* PROBLEM
Extract, unchanged, each line of the listing below from its first line through the line that contains "Mercedes-Benz GLS - 21", inclusive, and nothing else.

*** AVAILABLE RECORDS ***

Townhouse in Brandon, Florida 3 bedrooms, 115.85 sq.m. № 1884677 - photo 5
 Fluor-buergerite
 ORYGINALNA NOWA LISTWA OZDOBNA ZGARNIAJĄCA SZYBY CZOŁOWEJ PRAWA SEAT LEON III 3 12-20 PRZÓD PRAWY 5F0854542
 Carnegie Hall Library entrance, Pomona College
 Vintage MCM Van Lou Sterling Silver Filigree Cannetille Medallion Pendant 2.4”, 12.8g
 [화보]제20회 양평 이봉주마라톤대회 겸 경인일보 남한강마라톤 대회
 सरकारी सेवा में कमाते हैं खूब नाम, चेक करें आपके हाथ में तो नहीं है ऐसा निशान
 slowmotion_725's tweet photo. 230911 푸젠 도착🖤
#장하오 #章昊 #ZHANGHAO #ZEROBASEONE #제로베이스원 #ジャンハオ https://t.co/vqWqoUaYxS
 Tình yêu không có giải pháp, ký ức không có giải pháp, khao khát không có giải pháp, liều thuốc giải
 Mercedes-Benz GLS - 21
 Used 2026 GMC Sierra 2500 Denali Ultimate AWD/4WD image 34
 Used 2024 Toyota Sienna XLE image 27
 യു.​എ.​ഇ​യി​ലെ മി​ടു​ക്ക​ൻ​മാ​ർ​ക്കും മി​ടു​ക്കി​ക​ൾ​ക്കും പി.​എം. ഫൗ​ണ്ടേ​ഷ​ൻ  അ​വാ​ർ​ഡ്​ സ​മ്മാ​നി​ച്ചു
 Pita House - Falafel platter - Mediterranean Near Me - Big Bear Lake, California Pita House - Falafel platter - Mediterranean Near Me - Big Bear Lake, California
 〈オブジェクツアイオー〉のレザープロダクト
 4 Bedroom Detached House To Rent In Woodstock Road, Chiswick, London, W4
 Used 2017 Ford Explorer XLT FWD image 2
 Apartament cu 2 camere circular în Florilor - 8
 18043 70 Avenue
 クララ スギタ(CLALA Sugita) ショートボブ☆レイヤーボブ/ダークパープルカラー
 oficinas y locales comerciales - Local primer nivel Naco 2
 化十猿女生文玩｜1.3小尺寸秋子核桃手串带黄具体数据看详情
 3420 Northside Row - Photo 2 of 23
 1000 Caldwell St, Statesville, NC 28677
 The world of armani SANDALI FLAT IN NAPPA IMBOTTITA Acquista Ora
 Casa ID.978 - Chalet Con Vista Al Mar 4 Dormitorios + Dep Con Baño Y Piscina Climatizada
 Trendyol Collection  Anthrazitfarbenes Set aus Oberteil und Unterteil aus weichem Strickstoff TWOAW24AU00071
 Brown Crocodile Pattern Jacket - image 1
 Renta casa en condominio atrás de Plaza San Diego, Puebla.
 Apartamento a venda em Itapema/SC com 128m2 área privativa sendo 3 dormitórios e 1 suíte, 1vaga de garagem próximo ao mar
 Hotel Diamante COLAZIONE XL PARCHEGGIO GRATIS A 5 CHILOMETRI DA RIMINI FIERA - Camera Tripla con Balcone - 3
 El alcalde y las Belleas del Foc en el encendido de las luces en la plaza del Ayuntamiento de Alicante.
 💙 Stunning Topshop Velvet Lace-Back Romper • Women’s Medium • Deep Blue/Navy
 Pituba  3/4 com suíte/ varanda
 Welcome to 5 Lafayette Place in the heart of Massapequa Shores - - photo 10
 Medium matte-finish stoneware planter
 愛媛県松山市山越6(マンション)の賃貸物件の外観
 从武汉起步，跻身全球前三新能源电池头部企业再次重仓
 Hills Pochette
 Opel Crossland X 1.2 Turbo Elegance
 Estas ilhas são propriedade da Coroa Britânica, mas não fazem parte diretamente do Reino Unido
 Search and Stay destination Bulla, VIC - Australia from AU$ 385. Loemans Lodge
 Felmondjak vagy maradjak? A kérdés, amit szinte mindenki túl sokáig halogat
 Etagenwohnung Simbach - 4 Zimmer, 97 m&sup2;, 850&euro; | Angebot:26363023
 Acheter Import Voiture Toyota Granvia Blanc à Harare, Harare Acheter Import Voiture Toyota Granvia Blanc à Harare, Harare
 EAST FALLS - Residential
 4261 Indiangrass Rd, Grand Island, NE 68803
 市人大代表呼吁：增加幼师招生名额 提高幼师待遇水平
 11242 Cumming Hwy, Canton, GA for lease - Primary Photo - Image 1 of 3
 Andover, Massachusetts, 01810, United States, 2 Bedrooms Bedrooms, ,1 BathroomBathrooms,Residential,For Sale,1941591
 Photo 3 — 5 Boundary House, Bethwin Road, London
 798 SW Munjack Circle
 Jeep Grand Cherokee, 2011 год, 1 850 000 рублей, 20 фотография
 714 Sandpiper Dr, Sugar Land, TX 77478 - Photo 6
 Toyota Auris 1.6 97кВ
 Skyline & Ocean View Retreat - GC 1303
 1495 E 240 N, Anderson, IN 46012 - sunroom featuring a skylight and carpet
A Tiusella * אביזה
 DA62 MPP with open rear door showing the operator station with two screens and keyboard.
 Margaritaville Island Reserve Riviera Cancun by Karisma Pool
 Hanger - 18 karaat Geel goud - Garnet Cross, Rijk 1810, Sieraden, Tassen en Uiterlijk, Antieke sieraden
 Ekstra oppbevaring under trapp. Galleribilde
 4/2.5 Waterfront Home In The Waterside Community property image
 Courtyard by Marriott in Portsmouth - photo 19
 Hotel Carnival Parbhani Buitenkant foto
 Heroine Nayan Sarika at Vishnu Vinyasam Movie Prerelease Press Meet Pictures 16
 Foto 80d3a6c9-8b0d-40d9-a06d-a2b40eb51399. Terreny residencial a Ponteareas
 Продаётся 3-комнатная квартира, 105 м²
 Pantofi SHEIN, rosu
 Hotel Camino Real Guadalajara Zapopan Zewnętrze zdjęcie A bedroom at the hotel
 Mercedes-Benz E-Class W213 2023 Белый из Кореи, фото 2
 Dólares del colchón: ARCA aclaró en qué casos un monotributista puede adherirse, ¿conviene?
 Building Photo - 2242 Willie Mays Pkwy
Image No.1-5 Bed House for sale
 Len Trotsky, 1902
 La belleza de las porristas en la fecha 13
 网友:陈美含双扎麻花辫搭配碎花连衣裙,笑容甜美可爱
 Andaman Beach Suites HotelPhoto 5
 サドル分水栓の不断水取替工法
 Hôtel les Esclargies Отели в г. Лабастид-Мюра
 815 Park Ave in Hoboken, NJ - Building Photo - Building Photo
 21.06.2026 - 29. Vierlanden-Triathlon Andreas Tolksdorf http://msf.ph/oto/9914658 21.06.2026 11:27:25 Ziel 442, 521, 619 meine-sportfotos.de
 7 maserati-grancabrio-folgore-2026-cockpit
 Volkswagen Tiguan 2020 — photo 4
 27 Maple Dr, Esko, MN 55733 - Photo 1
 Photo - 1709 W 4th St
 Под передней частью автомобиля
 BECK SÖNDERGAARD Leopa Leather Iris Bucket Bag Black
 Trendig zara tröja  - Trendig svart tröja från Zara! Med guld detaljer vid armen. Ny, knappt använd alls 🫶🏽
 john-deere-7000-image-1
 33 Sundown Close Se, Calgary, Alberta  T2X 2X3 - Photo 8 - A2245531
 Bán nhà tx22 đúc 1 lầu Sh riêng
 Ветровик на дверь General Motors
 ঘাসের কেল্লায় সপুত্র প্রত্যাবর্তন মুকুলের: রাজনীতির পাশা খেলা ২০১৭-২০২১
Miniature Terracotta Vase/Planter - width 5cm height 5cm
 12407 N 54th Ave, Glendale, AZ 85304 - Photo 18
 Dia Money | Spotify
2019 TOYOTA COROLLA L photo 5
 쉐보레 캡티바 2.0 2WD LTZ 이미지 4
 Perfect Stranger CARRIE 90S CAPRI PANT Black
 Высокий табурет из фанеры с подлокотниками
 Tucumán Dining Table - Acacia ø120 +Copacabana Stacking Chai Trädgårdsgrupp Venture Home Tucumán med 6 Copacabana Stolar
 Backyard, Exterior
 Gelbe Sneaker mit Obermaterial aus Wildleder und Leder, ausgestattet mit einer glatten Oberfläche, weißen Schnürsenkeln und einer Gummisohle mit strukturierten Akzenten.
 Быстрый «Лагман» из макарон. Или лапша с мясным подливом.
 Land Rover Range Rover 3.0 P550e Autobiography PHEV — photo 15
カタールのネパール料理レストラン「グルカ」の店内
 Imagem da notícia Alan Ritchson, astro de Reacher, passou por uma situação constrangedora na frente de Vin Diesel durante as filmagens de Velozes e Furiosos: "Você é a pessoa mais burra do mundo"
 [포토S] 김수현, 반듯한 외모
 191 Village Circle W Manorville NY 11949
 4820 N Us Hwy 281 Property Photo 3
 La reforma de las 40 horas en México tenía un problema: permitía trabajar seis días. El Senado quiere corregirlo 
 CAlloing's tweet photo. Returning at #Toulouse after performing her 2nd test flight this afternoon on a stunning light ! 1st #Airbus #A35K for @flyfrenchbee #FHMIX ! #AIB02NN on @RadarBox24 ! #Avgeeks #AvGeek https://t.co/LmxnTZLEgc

*** End of AVAILABLE RECORDS ***

* RESPONSE
Townhouse in Brandon, Florida 3 bedrooms, 115.85 sq.m. № 1884677 - photo 5
 Fluor-buergerite
 ORYGINALNA NOWA LISTWA OZDOBNA ZGARNIAJĄCA SZYBY CZOŁOWEJ PRAWA SEAT LEON III 3 12-20 PRZÓD PRAWY 5F0854542
 Carnegie Hall Library entrance, Pomona College
 Vintage MCM Van Lou Sterling Silver Filigree Cannetille Medallion Pendant 2.4”, 12.8g
 [화보]제20회 양평 이봉주마라톤대회 겸 경인일보 남한강마라톤 대회
 सरकारी सेवा में कमाते हैं खूब नाम, चेक करें आपके हाथ में तो नहीं है ऐसा निशान
 slowmotion_725's tweet photo. 230911 푸젠 도착🖤
#장하오 #章昊 #ZHANGHAO #ZEROBASEONE #제로베이스원 #ジャンハオ https://t.co/vqWqoUaYxS
 Tình yêu không có giải pháp, ký ức không có giải pháp, khao khát không có giải pháp, liều thuốc giải
 Mercedes-Benz GLS - 21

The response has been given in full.